Dozier Internet Law represents businesses in online litigation matters. We are dealing with issues in real, live disputes everyday and debating with opposing attorneys the nuances of the laws, and briefing and arguing issues in the Courts around the country. There is a hotly debated issue surrounding Communications Decency Act liability, and our long standing interpretation is pretty much being confirmed by the courts as decisions come down that editing content can put your immunity for third party content at risk.

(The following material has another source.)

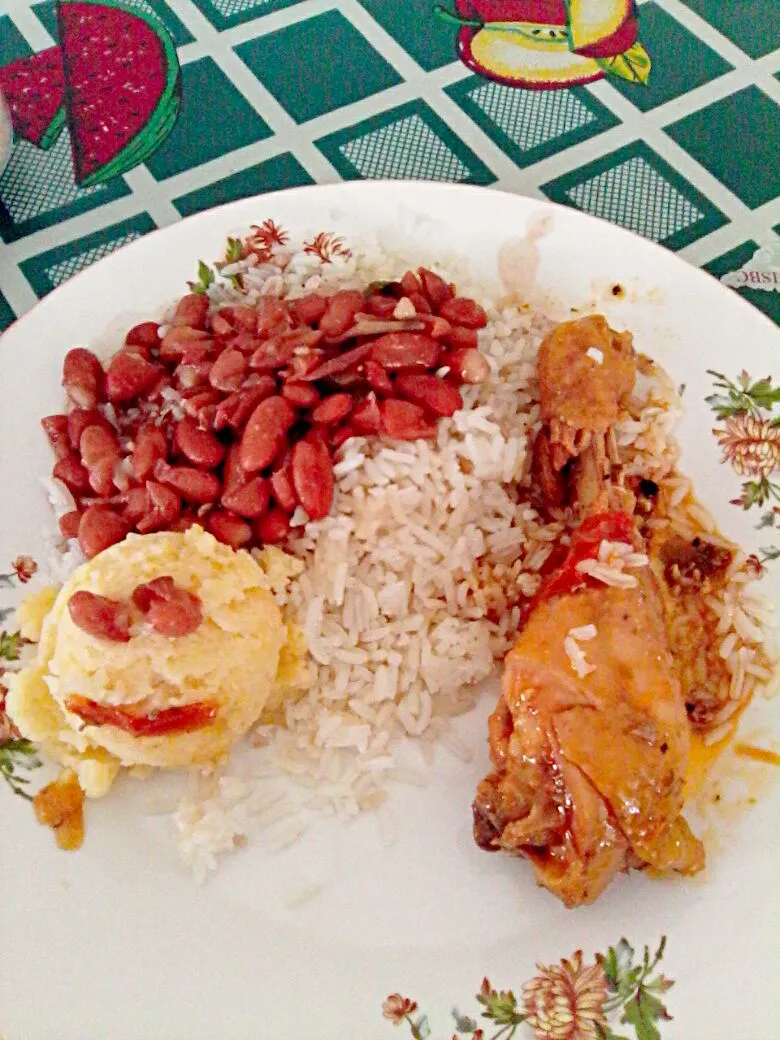 Snapdishの料理写真:Arroz, porotos y pollo guisado.|Luis Leidaさん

Professor Eric Goldman, who claims to be a Section 230 scholar, continues to grossly mistate the law as it relates to immunity, claiming that "editing doesn't matter" in the analysis, even going so far as to post a rebuttal to my interview with wired.com on the Twitter situation. I am not sure why the Eric Goldman types, almost universally liberal, free speech expansionists feigning expertise in these types of issues as "scholars", cannot grasp the concepts involved in CDA immunity analysis, do not understand the roomates.com case, and feel a need to attack those who dare disagree with them. Perhaps it is the inability to see both sides of an argument...it is easy to believe yourself when you are teaching law students and your interpretations are being blindly accepted. Dozier Internet Law litigates these issues, and our positions are vigorously vetted by the opposition and judges in the process.
Beware of the online advice, comments, and positions of the professorial types. They are disconnected from the reality of litigation and business, and surrounded by other liberal minded "scholars" and students who slap them on the back and agree with often ludicrous and extreme contentions. I would bet you that if your business followed the advice of these professor types, you would be out of business by now, having been brought to your knees by expensive litigation.
Eric Goldman reminds me of the saying among lawyers about law school professors: If you cannot practice law, you can always try to teach it.